Заходя на посадку, истребитель-перехватчик выпускает шасси. Пилот не знает, готовы ли колеса к соприкосновению с полосой. Поэтому с земли в огромный бинокль наблюдает специальный солдатик. Его служба — вовремя увидеть самолет и отрапортовать в микрофон: «Шасси, закрылки выпушены!» Если техника подведет, солдатик закричит: «Нет шасси!» — и нажмет сигнал тревоги.

Этот солдатик — я.

Но техника не подводит. Она военная, надежная. В конце дня все перехватчики благополучно приземляются, летчики уходят ужинать в свою особую летную столовую, там им дают особый паек. Человек, защищающий небо родины, должен быть полон сил. Офицеры-диспетчеры покидают свои кресла, садятся в зеленые вездеходы и отправляются в другую столовую, офицерскую. Кто не летает, тому паек похуже. Но тоже ничего.

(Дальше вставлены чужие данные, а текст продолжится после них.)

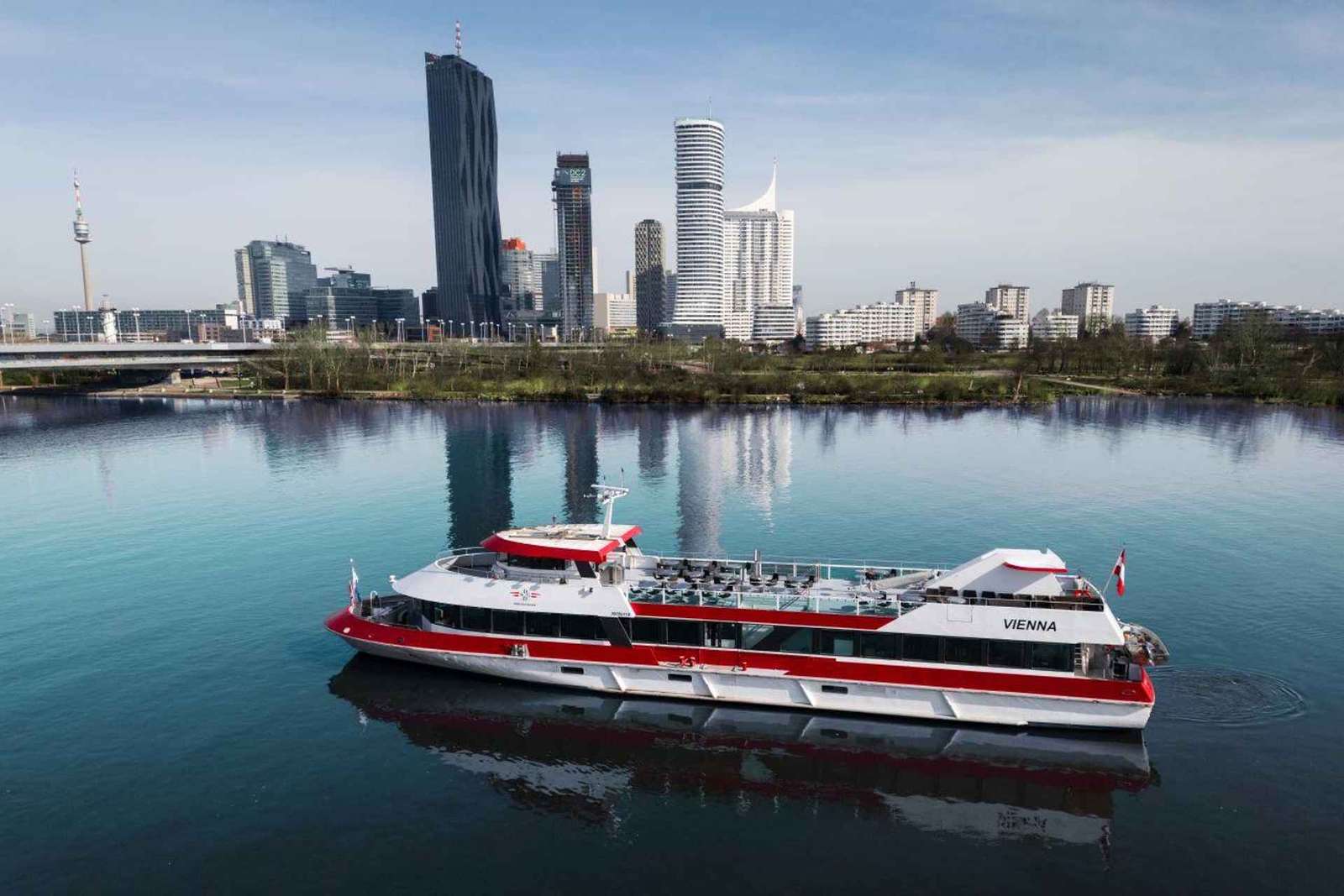 Wenen: 2-uur durende Donau Panorama Tour (alleen rondvaart)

Гаснет полоса. Тягачи увозят самолеты в капониры. Падает ночь, и пункт управления остается на попечении пятерых бойцов. У них отдельная комнатуха с телевизором. У них не служба, а мед. До казармы, до начальства, до командира части — два километра полем. Там дисциплина, подъем и отбой, построения, политзанятия, начищенные сапоги, застегнутые воротнички, дневальные, наряды на кухню и в штаб. Там армия, а у нас — санаторий. Нам паек не нужен. Один из нас уже сбегал на хоздвор к земляку и принес полмешка картошки. Мы пожрали и до глубокой ночи смотрели сверхмодную программу «Взгляд».

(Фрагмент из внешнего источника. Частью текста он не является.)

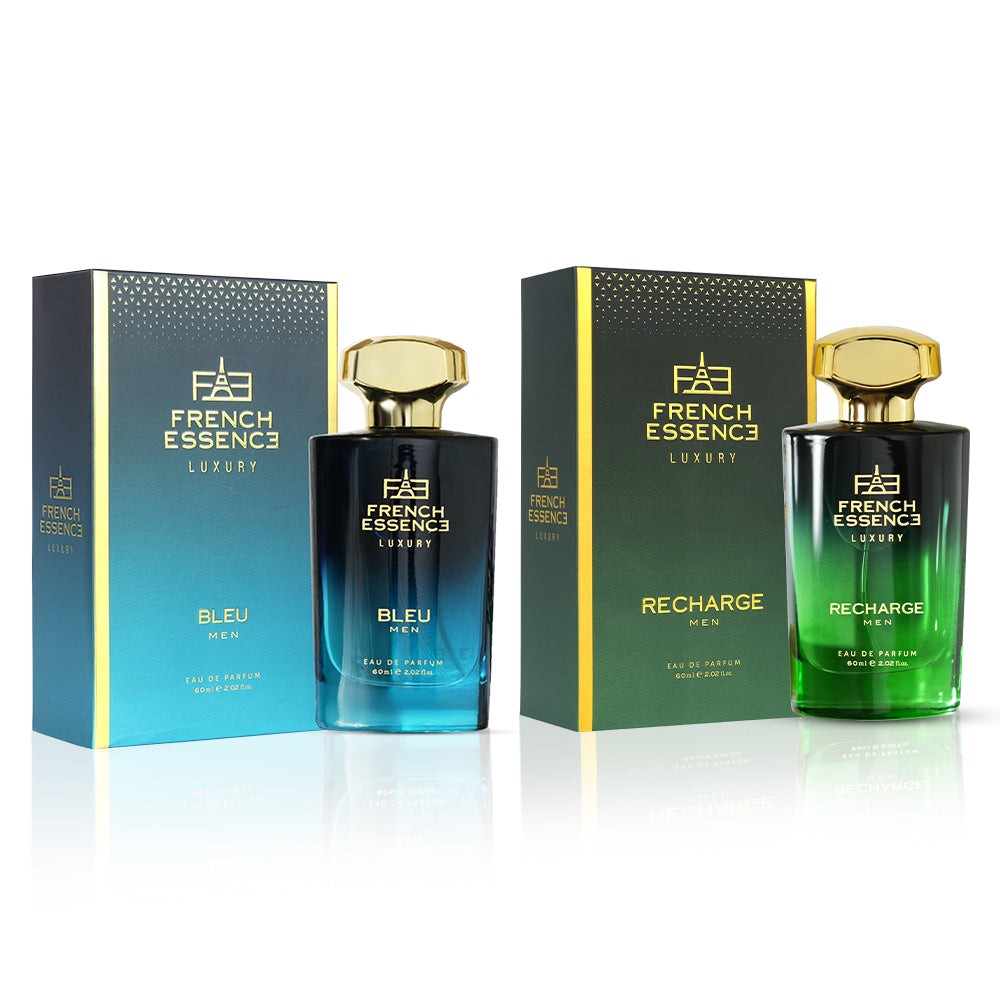 Recharge & Bleu Men's Perfume Combo Pack 60ML Each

Иногда вместо «Взгляда» смотрим экстрасенсов, их двое, они наяривают по очереди, через день. Один молча сопит и помавает лишенными мозолей ладонями. Второй — с лицом боксера или же хоккеиста, более продвинутый — включает успокаивающую музыку и чугунным баритоном произносит фразы. Вводит аудиторию в транс. Газеты утверждают, что он лечит даже бруцеллез. Мы, пятеро, давно сошлись во мнении, что с таким подходом — медленная мелодия, зрачки исподлобья — он может уболтать любую женщину. Нам по девятнадцать, эта тема нам близка.

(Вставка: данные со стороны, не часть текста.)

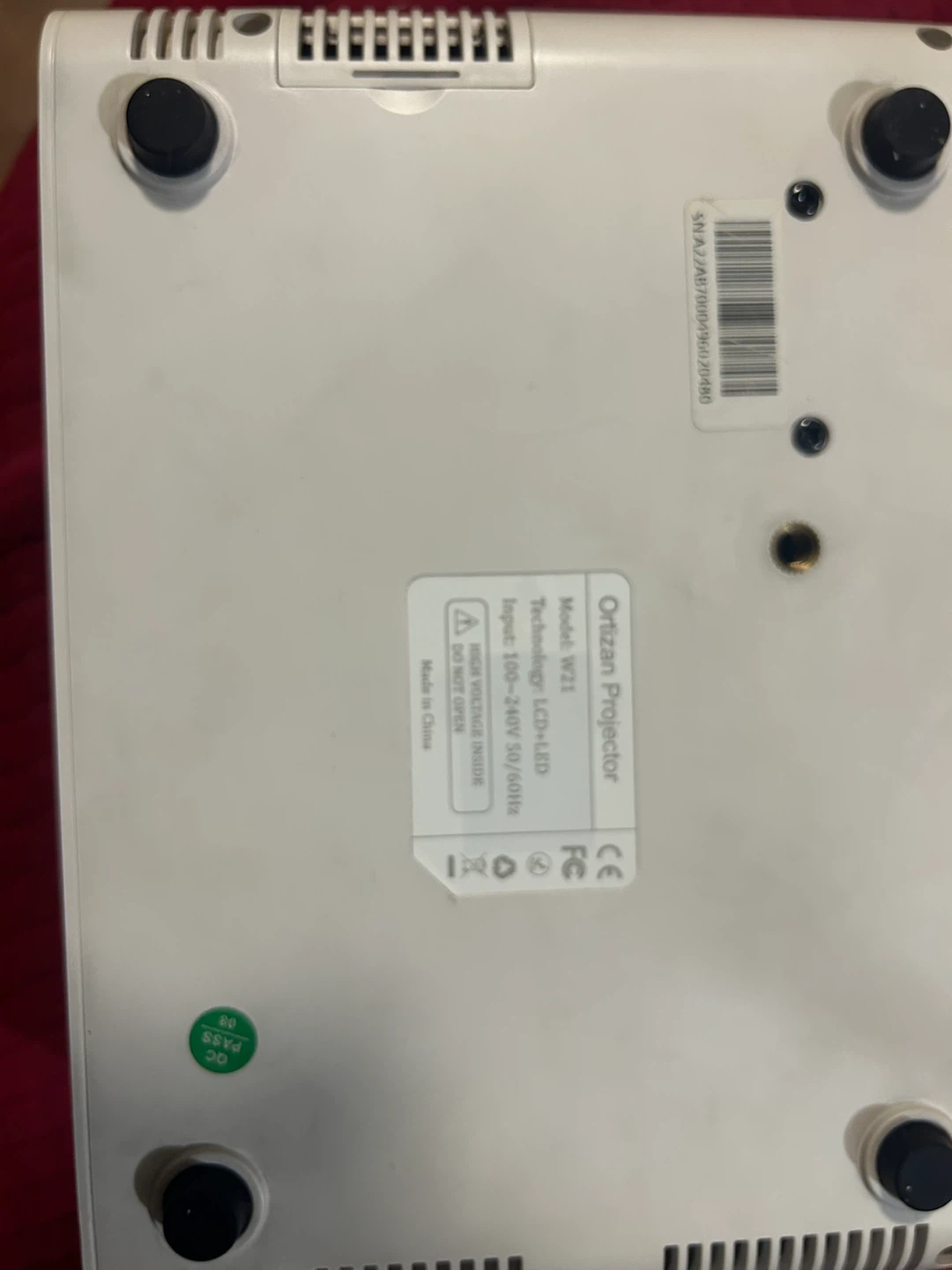 Ortizan W71 Projector - photo 3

К концу сеанса мои сослуживцы уже спят. На меня гипноз не действует. Я залезаю на крышу, бросаю одеяло, ложусь и смотрю в небо.

Там звезды, их много.

У меня есть отец, мать и сестра. У меня есть студенческий билет Московского государственного университета. Есть жизнь, она вся впереди. Ее столько, что если я пытаюсь хотя бы примерно вообразить ее объем, ее варианты, краски, запахи, то переживаю экстатические ощущения. Голове становится холодно, потом горячо. Пальцы сами собой шевелятся, даже на ногах.

Моим пальцам свободно. Сапоги я давно не ношу, для старого воина лучшая летняя обувь — тапочки. За три месяца до дембеля пора отвыкать от портянок.

Конечно, я не желаю спать, я слишком возбужден.

Мне не терпится уйти на дембель. У меня все продумано. Точно известно, что я сделаю в первый день, во второй, в третий. Я буду жить, я все попробую, я везде побываю и всему научусь. Я напишу стихи, песни и романы, у меня будет самая красивая жена, с длинными ногами и огромными зелеными глазами, она родит мне одиннадцать сыновей (чтоб хватило на футбольную команду). Я возьму от жизни все; оставлю немного себе, кое-что отцу, маме, и сестре, а остальное раздам. Вся жизнь, какая есть во Вселенной, протекает через меня, как через трубу; любая попытка поставить преграду кончится тем, что меня разорвет. Нельзя придерживать, прикарманивать, к себе подгребать, я не такой и никогда таким не стану.